Enough is written and commented on the brewing crisis in the Infrastructure Leasing & Financial Service (IL&FS). However, most pundits have ignored one of the crucial reasons for the origin of the crisis in the first place – BUREAUCRATIC INCENTIVES.
Let’s first understand the situation completely in a few points:
- IL&FS is a non-banking financial company which funds large infrastructure projects. These projects include national highways, metro construction, power-plants, etc. IL&FS has more than 250 subsidiaries, associates, and joint-venture companies under its management.
- Government-owned Life Insurance Corporation of India is the largest investor in the company with over 25 percent ownership. Other public sector undertakings own at least 13 percent of the company and some investment in the firm also comes from foreign governments and firms.
- In August 2018, IL&FS defaulted on some of its debt to the Small Industries Development Bank of India. The company has over ₹90,000 crore of consolidated debt with dues equating to about ₹3,700 crore in the second-half of 2018. However, it has only about ₹200 crore to meet these obligations.
- The panic emanating from IL&FS defaults, and other factors such as falling rupee, high oil prices, etc. have already caused the BSE Sensex to lose over 2000 points in the last few days and has eroded 12.5 percent of mutual funds’ assets.
A default from IL&FS will further cause distress in the Indian banking industry which is already under enormous pressure from increasing non-performing assets.
The main reason for the crisis at IL&FS is the management of the firm by bureaucrats.
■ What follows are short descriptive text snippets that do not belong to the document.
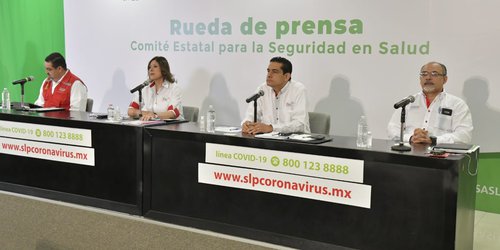 Se incorporan 104 nuevos casos y siete defunciones por Covid en el estado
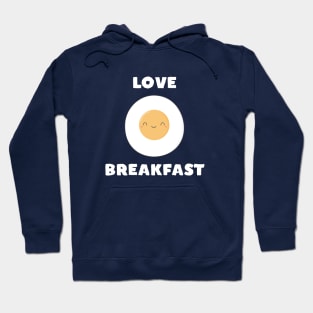 Kawaii Cute Love Breakfast T-Shirt Hoodie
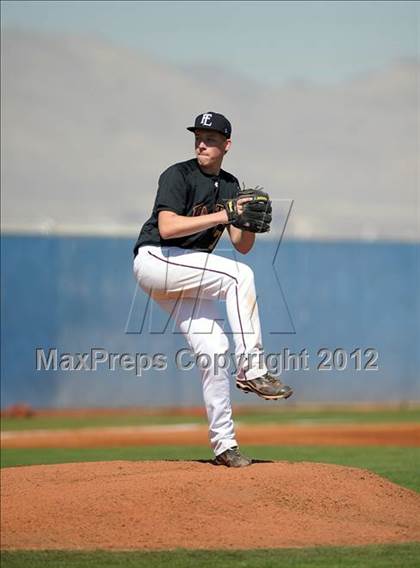 Thumbnail 1 in Coronado vs. Faith Lutheran (Lion Invitational) photogallery.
Let me first clarify, bureaucrats are not bad people, they are rational human beings just like the rest of us. They do what is in their best interest, and that is the problem. What is in the best interest of a bureaucrat may not be in the best interest for a firm or the economy.
When the government is involved in running businesses, it usually results in losses. This doesn’t happen because the bureaucrats are incompetent, it is the general consequence of having misaligned incentives. A private company is driven by profit. It knows that if it fails to do that, it will go bankrupt. A management headed by bureaucrats doesn’t have this problem, they face no consequence for being wrong. Their salaries and benefits continue as if nothing happened.
In July 2018, sensing the trouble ahead, the largest shareholder of IL&FS, the LIC appointed Hemant Bhargava as the chairman of the company. Mr. Bhargava is a career bureaucrat and has served as the Managing Director of LIC in the past. Bureaucracy and business are a dangerous mix, and it was proved as the trouble started for IL&FS in August. Under new chairmanship, the firms’ position further deteriorated so much so that Mr. Bhargava had to step down as the chairman in mid-September.
Repeating history, the new management appointed by the government is again made-up mostly of former bureaucrats. We will just have to wait and watch how long the company will sustain under this management. As much as the government wishes that bureaucrats will have a public conscience and act in public interest, as self-interested human beings, bureaucrats are quite incapable of it.
Further, companies run by government lack accountability. Instead of being accountable to shareholders and taking only manageable risks like any other private enterprise would do, they take higher risks as the management pays no cost for being wrong. Officials running government-controlled companies always know that the government will support them with taxpayers’ money when they make losses. The worst that can happen to a bureaucrat is reassignment to some other company or department. We have witnessed hundreds of such incidents, this won’t be the last.
The only way to stop one bureaucrat-led crisis after another, we must stop the government from doing business.